– Ничего. Пойдем икру доедать.
Садятся за столик.
– Не надо так пить, – говорит Рита.
– А как надо? – медленно, криво улыбаясь, говорит Паша.
– Надо пить для души. Для удовольствия. Чтобы в тебе пробуждался человек. А не животное.
– А что, я уже на животное стал похож?
– Я кому сказала!
– Все. Все, Рита. Все.
Встает.
– Ты куда?
– Да сейчас, Сейчас буду.
Паша подходит к оркестру. Долго уговаривает, заказывает песню. Возвращается.
– Можно, закурю? – говорит Паша.
– Кури.
Паша закуривает.
– С непривычки… голова кругом…
Оркестр начинает играть, ударник поет: «Во хмелю слегка, лесом правил я…»
– Ну что, капитан? пригорюнился, – говорит Рита.
Паша гасит сигарету, смотрит на нее, жалко улыбаясь. Рита берет его за затылок, целует в губы.
– Все. Пошли. Зови официанта.
24.
Катер. Паша лежит в каюте на койке, курит. Входит Володя.
– Ты чего закурил?
Паша молчит.
Володя садится в ногах.
– А? Капитан?
– Уйди, Вовка.
Володя идет в рубку.
– Шкура, – шепчет он.
– «Ястреб» – Ленинграду-три… – слышится по рации.
Володя берет трубку.
– «Ястреб» отвечает Ленинграду-три… Да… У моста «Лейтенанта Шмидта»… Да… Вас понял… Да… Понял.
Спускается в каюту.
– Пошли, на Голодай, – говорит Володя. – Да хватит тебе! Чего ты из-за какой-то…
– Я тебе сейчас врежу, Вовка!
– Ты пойдешь или нет?
– Пойду. Сейчас приду.
Катер бежит по Неве к Дворцовому мосту. Яркое солнце. Паша бледен, лицо пустое.
– Давай я встану, – говорит Володя.
– Вставай.
Володя становится к штурвалу.
– Где был вчера?
– Молчи, Вовк. Молчи.
Мать и отец.
– Это мы виноваты.
– Почему – мы? Почему всегда, когда дети ведут себя, как эгоисты, виноваты родители?
– Потому что он верил нам, а потом перестал верить.
– Чепуха. У него не было никаких поводов – не верить.
– Были.
– Какие?
– Не знаю. Он нас любил, а потом вдруг… Как будто лампочка погасла и стало темно. Мы его в чем-то предали. Если бы он меньше нас любил, он бы простил. Самая больая любовь – самая хрупкая. Это я не доглядела.

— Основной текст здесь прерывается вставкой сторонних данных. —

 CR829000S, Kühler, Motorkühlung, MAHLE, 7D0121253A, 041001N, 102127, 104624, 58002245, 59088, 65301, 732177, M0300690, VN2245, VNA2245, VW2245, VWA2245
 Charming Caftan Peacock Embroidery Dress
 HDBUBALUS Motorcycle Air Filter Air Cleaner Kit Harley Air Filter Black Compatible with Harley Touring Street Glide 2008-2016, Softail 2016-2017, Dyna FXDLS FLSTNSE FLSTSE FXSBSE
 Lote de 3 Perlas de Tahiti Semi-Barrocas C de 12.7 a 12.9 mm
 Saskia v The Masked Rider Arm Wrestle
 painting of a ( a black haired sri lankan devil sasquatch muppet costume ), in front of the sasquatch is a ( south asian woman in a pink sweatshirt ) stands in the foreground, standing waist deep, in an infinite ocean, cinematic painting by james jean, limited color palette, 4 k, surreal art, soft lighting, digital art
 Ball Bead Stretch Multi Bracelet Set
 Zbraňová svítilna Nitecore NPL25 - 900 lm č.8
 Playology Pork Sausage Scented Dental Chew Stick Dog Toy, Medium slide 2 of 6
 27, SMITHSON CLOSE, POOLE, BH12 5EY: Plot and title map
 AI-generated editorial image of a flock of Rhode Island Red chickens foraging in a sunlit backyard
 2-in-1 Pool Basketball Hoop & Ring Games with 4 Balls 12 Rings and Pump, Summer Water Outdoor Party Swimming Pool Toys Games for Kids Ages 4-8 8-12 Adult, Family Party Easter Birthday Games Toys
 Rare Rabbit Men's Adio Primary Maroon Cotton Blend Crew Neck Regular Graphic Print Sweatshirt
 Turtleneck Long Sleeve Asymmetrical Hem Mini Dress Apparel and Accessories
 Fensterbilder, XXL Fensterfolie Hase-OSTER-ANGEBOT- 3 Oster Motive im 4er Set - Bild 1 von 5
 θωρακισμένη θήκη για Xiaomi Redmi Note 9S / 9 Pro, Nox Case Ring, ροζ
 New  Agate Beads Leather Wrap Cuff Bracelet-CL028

– Ничего. Погуляет и вернется.
– Нет. Ты не понимаешь. Он совсем ушел. Я не сплю… Я же его помню… такого ласкового… и – ничего… В руках ничего не осталось… Только тепло помню… а руки пустые…
– Ну… успокойся. У всех так бывает. Всегда дети уходят.
– Ты не понимаешь… Для тебя это вопрос самолюбия. А меня просто разрезали… Он меня разрезал… он! Зачем ты пошел в эту… грязь?
– В какую грязь? Ты о чем?
– В эту… работу! Когда вокруг – нищие, брошенные дети, отчаяние! А мы – богатеем, богатеем! Зачем? Тебе нужны удовольствия?.. Слава! Ведь мы могли жить скромно, но без всего этого! Нас не любят! Когда я вижу глаза соседей, друзей… Это ведь не стоило того… Твой друг, Сапрыкин, сидит на кафедре – и не звонит! Дворкин был друг, а стал лакей. Одноклассница моя, Зоя… Она ждет подарков, а мне стыдно ей давать!
– И ты тоже… Хорошо. Не будем богатеть. Разбогатеют люди, которые не могут так формулировать. Ты же их видишь. Ты им хочешь всё отдать? Чтобы эти, пальцы веером, владели всеми нами? Или те, которые профукали страну, а теперь доедают сырье?
– Ну, конечно. Ты знаешь. Ты все знаешь, как и почему. А у меня не стало сына. И мне твои рассуждения о стране…о будущем… просто оскорбительны! Если бы каждый думал больше о детях, чем о стране, такого бы не было.
– Ты знаешь, когда Жукова обвиняли в том, что он безжалостно клал солдат, он ведь не мог защищаться. Он это знал, что – безжалостно, но он был уверен, что он прав. И он не спал спокойно. Он, может быть, каждый раз рыдал в подушку. А утром вставал – и снова безжалостно клал, тысячами. Но он знал, ради чего. И знал, что все матери погибших его проклянут. Я не Жуков. Я никого не посылаю на смерть. Но я знаю, что в нашей стране идет война. В мире идет война. Не прекращаясь. Или закон – общий закон, или распад. И Вовка это поймет.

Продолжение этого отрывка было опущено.